Even with no tongue, it was the first time Fritz had ever been truly speechless. Ella banged out the door. From outside they heard her call back, “And turn off the blasted fence.” Fritz was another of Ella’s projects. How he’d lost his tongue was a story he’d yet to tell but desperation seemed a necessary component for time travel. So John had theorized. “If they are about to die there, they’ll be desperate here. We need to be ready to help.” Again he was right. The only part he got wrong was the timing. He was gone before their first rescue. The irony of a temporal theorist with bad timing would have made him grin.

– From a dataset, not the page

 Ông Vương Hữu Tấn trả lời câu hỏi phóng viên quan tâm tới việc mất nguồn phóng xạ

How Fritz thrived under Ella’s wing was a story of a different sort. Ella taught him American Sign Language and proceeded to teach every able mind within range of her influence so he’d have people to sign with. For that alone Fritz could have loved her. That he’d lost his own Mam early on had nothing to do with it.

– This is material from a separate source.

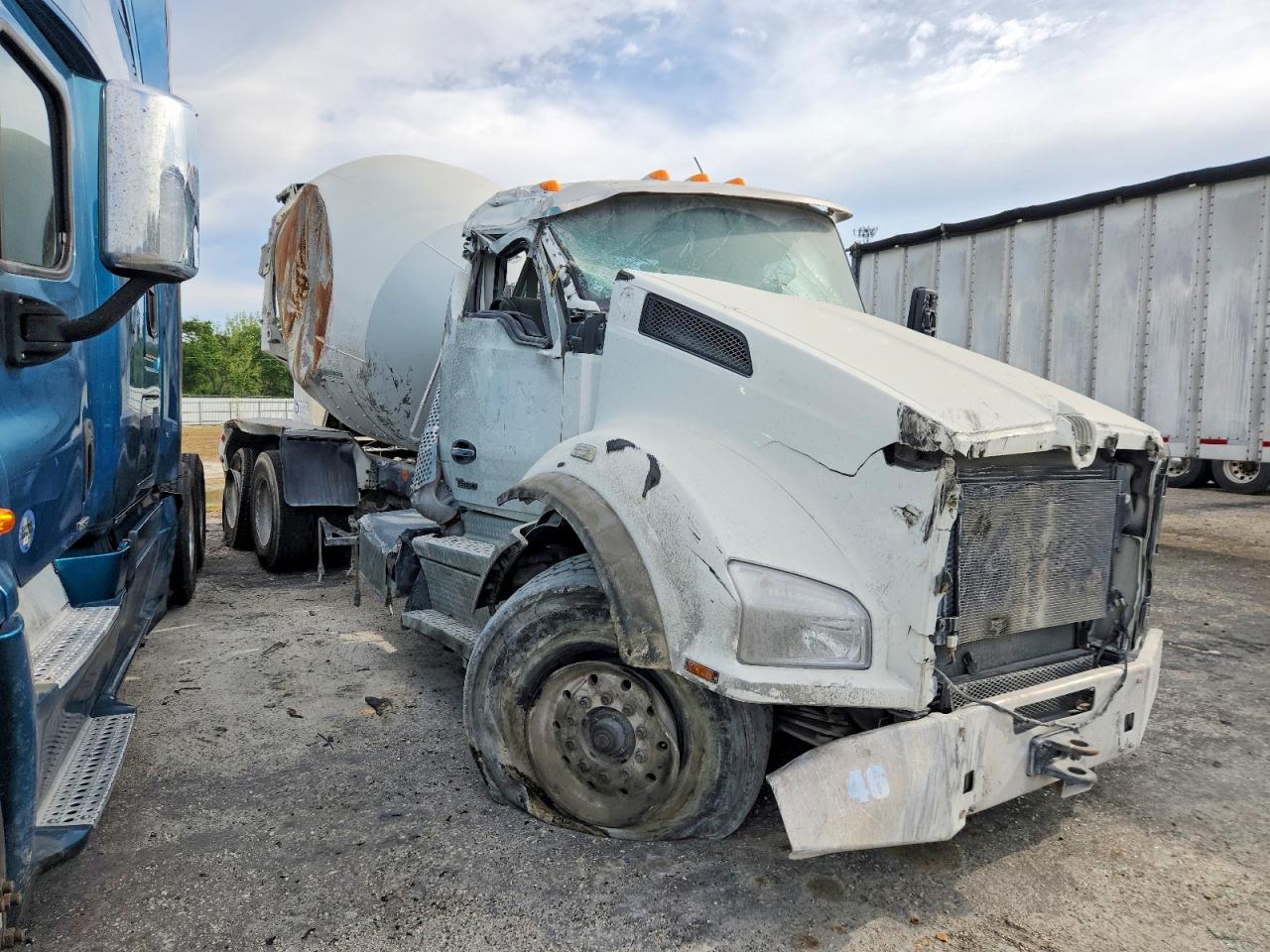 Kenworth Construction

Bru guffawed out loud to see him at a loss for words. She gestured with the spoon, “Follow her. Don’t let her see you but keep her safe!” Fritz nodded. Security was just one of the many hats he wore on Ella’s behalf. He took his crossbow from its station above the kitchen door and slipped out. His feet were bare. He was still speechless.


Ella dearly wished she’d been able to coax the broken man back to civilization and comfort. This hurried return trip to their serendipitous meeting place could have been avoided. She hustled through the thinning trees bitching about her hips, her knees, the unfairness of life, and barbarous, uncivilized, brutal, empathically bankrupt people that left a stricken soul like Van Meer lost in the woods. She prayed he would still be there.

He was not. She placed the ham and beans and bread on the ground next to the boots, placed the sketchbook and supplies on top of that and covered everything with the coat. She thought to search for him or call out but she did not. After a bit, she withdrew altogether.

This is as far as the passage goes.